Le guide santé de vos vacances Au-delà de 2 500 mètres, le mal des montagnes peut gâcher votre séjour

la paz, capitale de la bolivie, plus de 4000 m au-dessus du niveau de la mer.
La Paz, capitale de la Bolivie, plus de 4000 m au-dessus du niveau de la mer. Nombreux sont les voyageurs qui ne peuvent même pas porter leurs valises en arrivant à l'aéroport, pour cause de manque d'oxygène. © javarman - Fotolia.com

Voilà une autre maladie typiquement touristique, de plus en plus fréquente : le mal de montagnes. Non, rien à voir avec le vertige ou la phobie des grands espaces, ni même les risques de chute liés à la randonnée en montagne. Le mal aigu des montagnes (MAM) est une réaction du corps, en manque d'oxygène.

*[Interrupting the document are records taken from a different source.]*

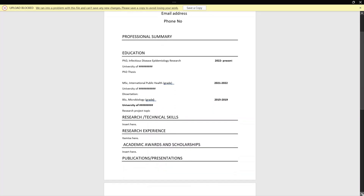The next section is your research and technical skills. Consider putting the technical or research skills that are relevant to the program you are applying for. Just like a job CV, you tailor your academic CV to the course or program you're applying for. Here you input skills such as proficiency in Microsoft Office — MS Word, Excel, PowerPoint — or statistical software like STATA or SPSS, along with any other skills you have gained prior to making your application.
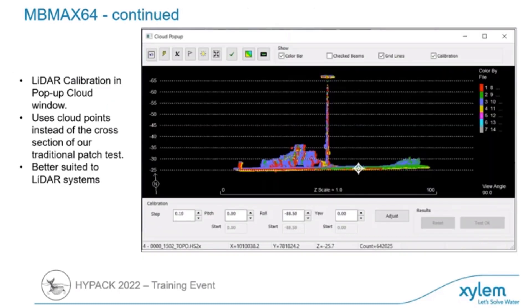Inside of MB-MAX, we've added the ability to utilize the cloud pop-up window for doing your patch testing. This is very useful, especially for LIDAR patch testing. It makes life a lot easier for getting things properly calibrated and getting your survey data out the door.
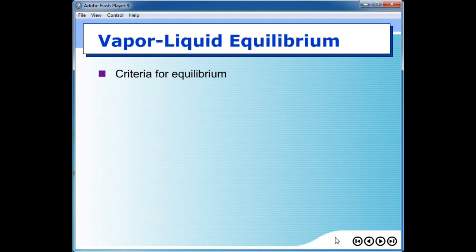This is flipped class video number 6 for Chemical Engineering Thermodynamics 2. The content comes from chapter 10.4 in the textbook, and it will consider vapor-liquid equilibrium.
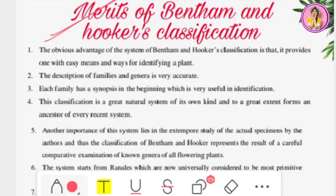The first merit: the obvious advantage of Bentham and Hooker's classification is that it provides one with an easy means and way for identifying a plant. The biggest advantage of Bentham and Hooker's classification is that using it, we can identify any plant very easily.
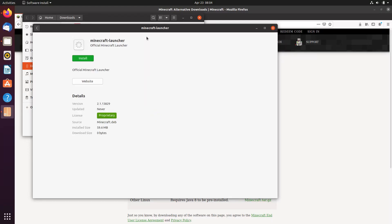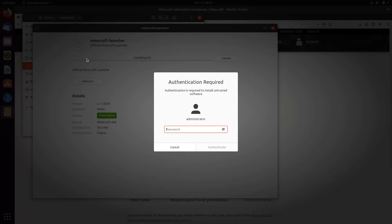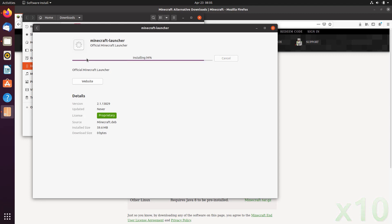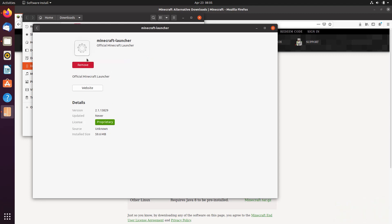Choose to install Minecraft. Type in your password. Minecraft is now installed on our system.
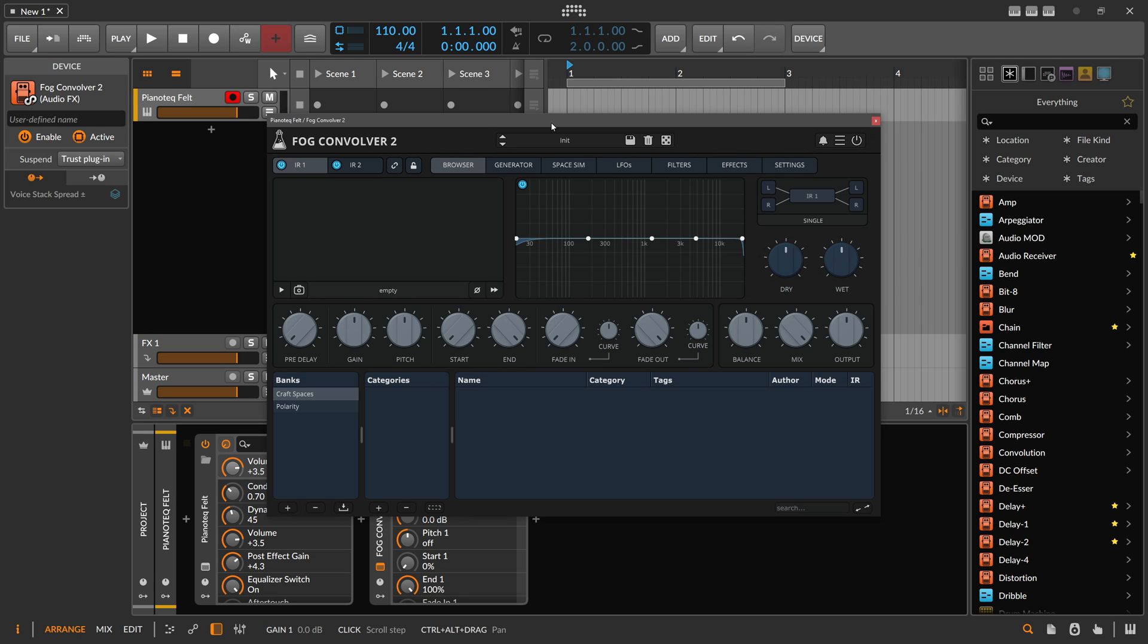I want to talk about Fog Convolver 2 by Audio Thing, and it's Fog Convolver, not the other word - that's a pretty important difference. If you own this plugin already, you can head over to the Audio Thing page and download this new update for free.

Revenons sur l'aspect biologique de la chose pour mieux comprendre. A chacune de nos inspirations, nous avalons une certaine quantité d'air, riche en oxygène. C'est cet oxygène qui permet à tout notre organisme de fonctionner. D'ailleurs vous le savez fort bien : si l'on en est privé trop longtemps, c'est l'asphyxie, qui entraîne la mort à courte échéance.

Or, plus on grimpe en altitude, plus la pression atmosphérique est basse et moins l'air est dense. Ainsi, au sommet de l'Everest, l'air est moitié moins dense qu'au niveau de la mer. A chaque inspiration en altitude, nous avalons donc un peu moins d'oxygène que ce à quoi nous sommes habitués.

Pour pallier cette raréfaction, l'organisme va réagir de plusieurs façons. Dans un premier temps, la respiration va s'accélérer, pour essayer de compenser le déficit en oxygène. De même pour les battements de cœur, le but étant d'apport un maximum d'oxygène dans tout l'organisme. Mais cela ne suffit pas sur le moyen terme et un autre système se met en place en quelques jours : notre corps produit davantage de globules rouges, pour accélérer et maximiser le transport de l'oxygène jusqu'aux tissus.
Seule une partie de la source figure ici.